Wayne: The courts have also sided with us on the power of the states to ban the sale of horse meat for human consumption. While we’re working tirelessly in Congress to ban the slaughter of all American horses, it’s so important that we maintain the state protections for horses.
Jonathan: We got our first big win on horse slaughter in 2007, when the Fifth Circuit Court of Appeals upheld Texas’ ban on horse slaughter. Later that year we helped close the last horse slaughterhouse on American soil when we helped lead a coalition to pass and defend a ban on horse slaughter in Illinois. In upholding that law, the Seventh Circuit Court of Appeals found that “States have a legitimate interest in prolonging the lives of animals” and promoting the “humane treatment of our fellow animals.” Last year, when horse slaughter threatened to resume in New Mexico, Iowa and Missouri, we filed a series of legal challenges that managed to halt these plans long enough for our legislative team to secure a Congressional rider to block any plants from opening in the United States. This type of integrated legal and legislative strategy is something only The HSUS has the capacity and sophistication to deploy successfully, and one of the major reason for our successes.
Wayne: Tell us what kind of human resources The HSUS has assembled to draft well-crafted bills, to enforce the law, to defend our gains in court, and to challenge overreaching and restrictive statutes by our adversaries.
Jonathan: In 2005, after the corporate combination with The Fund for Animals, we started building up in our house and pro bono legal team. It now consists of 25 attorneys, who specialize in many different areas of the law – wildlife, farm animals, anti-cruelty and international law. Our in-house experts partner with hundreds of cooperating attorneys, and many of the biggest, most respected law firms in the country. This combined public interest and private practice legal “team” is the most important aggregation of legal talent that has ever been assembled in our movement, and you can see some pretty remarkable results from this investment of donor dollars and pro bono engagement.
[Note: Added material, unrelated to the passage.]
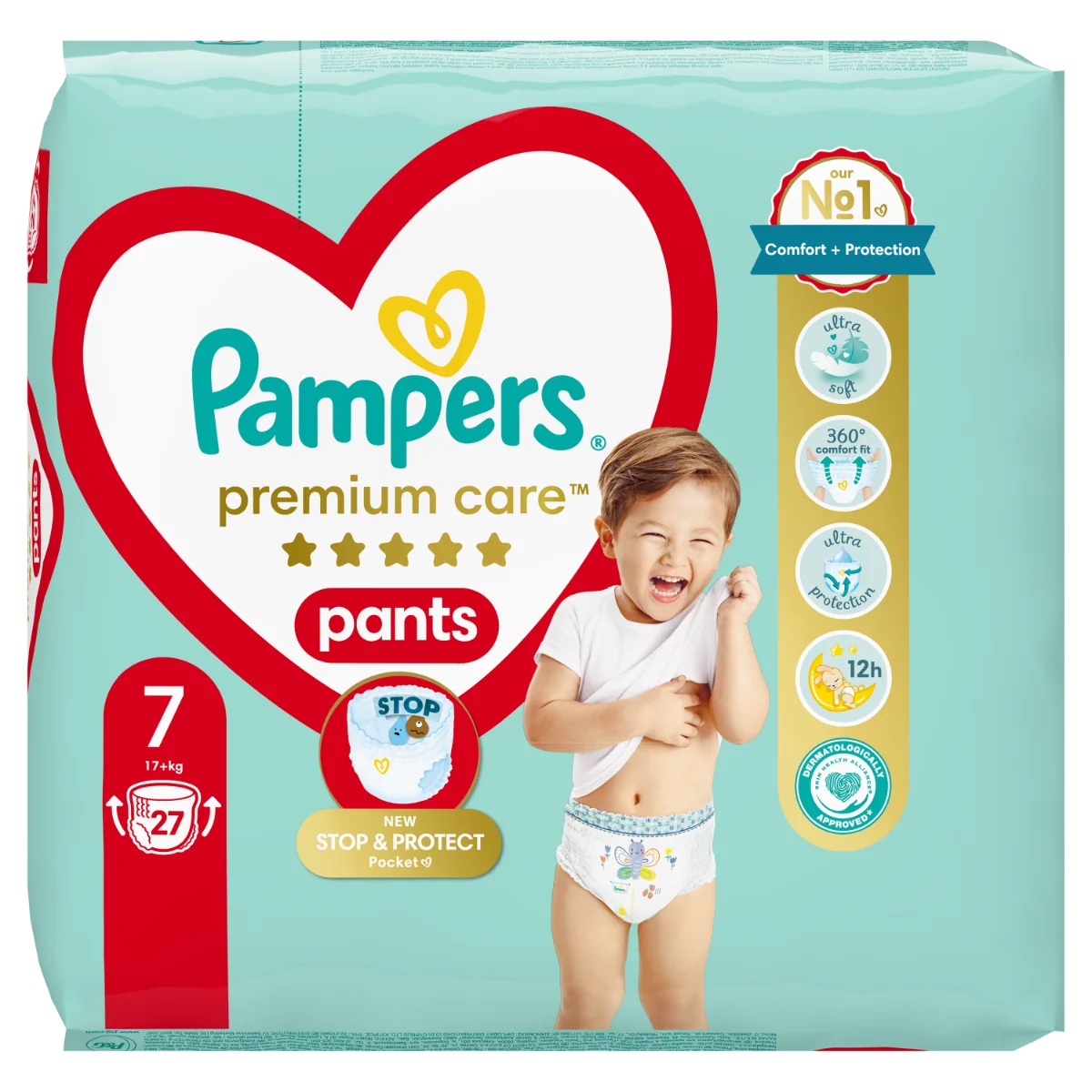 Pampers Premium Care Pants Jumbo Pack, pieluchomajtki, rozmiar 7, 17+ kg, 27 szt.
We are grateful every day that our supporters have enabled this new, critical legal capacity for a movement that has rather dramatically moved into the realm of public policy and law enforcement. The federal courts have proved essential on a wide range of other social reform movements – from the earliest civil rights victories to the enormous string of recent judicial decisions affirming marriage equality – so it’s logical that this would be a critical arena for our movement, too.